*EXERCISE DIRECTIONS*:
The lines to extract run from the start of the records through the line with "Used Yamaha MG06X Unpowered Mixer", both ends included; drop the pictures.
PROVIDED DATA Block Start
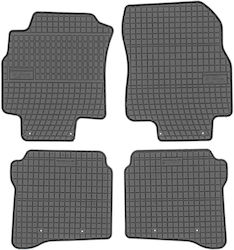 Frogum Auto Fußmatten Satz Vorder- und Rückseite 4Stück für Nissan Primera 2001-2007 Schwarze Frogum Auto Fußmatten Satz Vorder- und Rückseite 4Stück für Nissan Primera 2001-2007 Schwarze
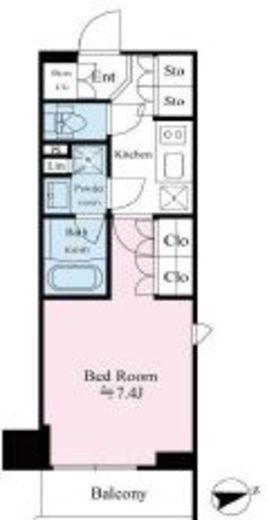 リテラス馬込 105 間取り図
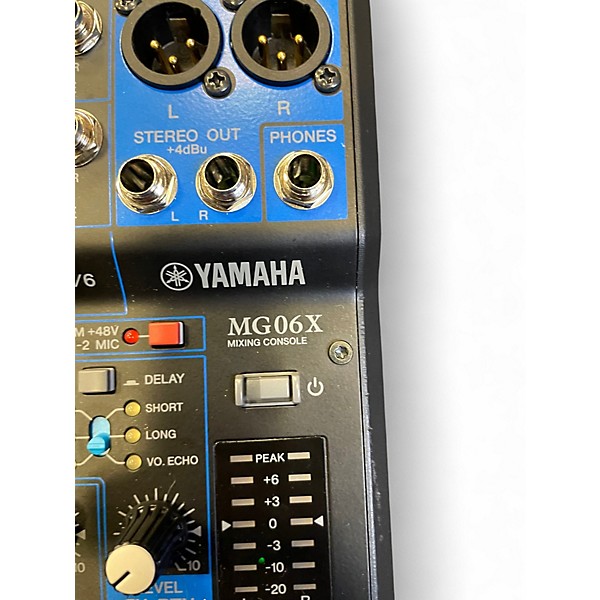 Used Yamaha MG06X Unpowered Mixer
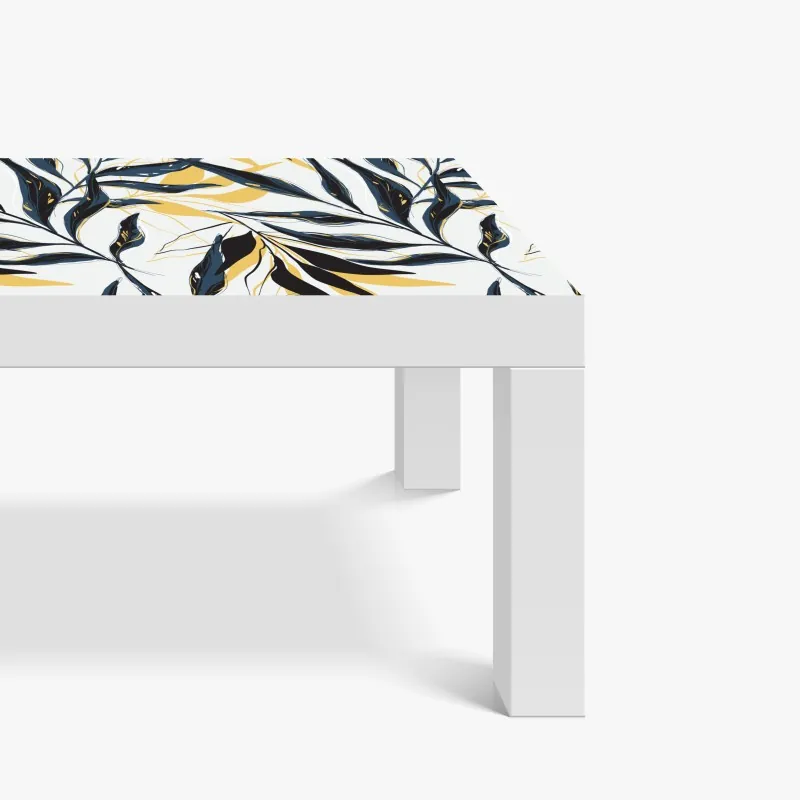 Naklejka na biurko i stół turkusowa abstrakcyjna faktura olejna – Wallissimo®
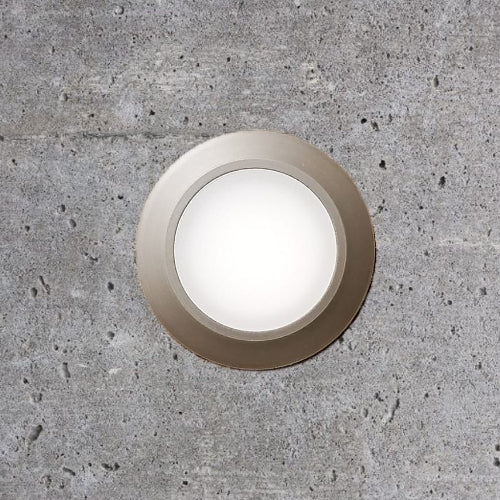 Tru-Scapes 2.5 inch dot light installed in concrete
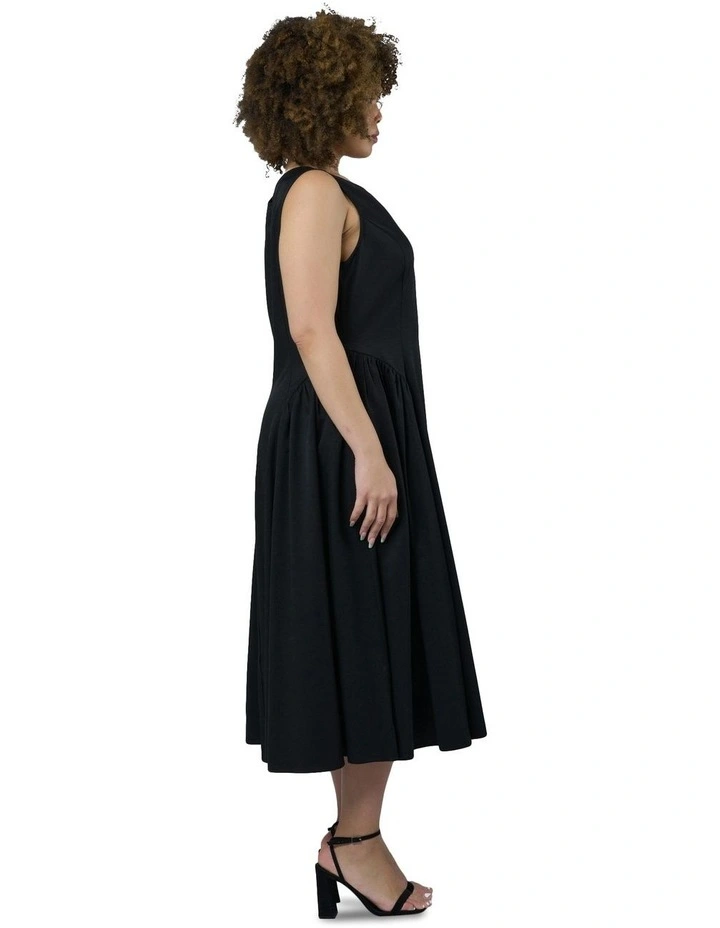 Electric Love Midi Dress in Black image 3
PROVIDED DATA Block End
*OUTPUT OF THE TASK*:
 Frogum Auto Fußmatten Satz Vorder- und Rückseite 4Stück für Nissan Primera 2001-2007 Schwarze Frogum Auto Fußmatten Satz Vorder- und Rückseite 4Stück für Nissan Primera 2001-2007 Schwarze
 リテラス馬込 105 間取り図
 Used Yamaha MG06X Unpowered Mixer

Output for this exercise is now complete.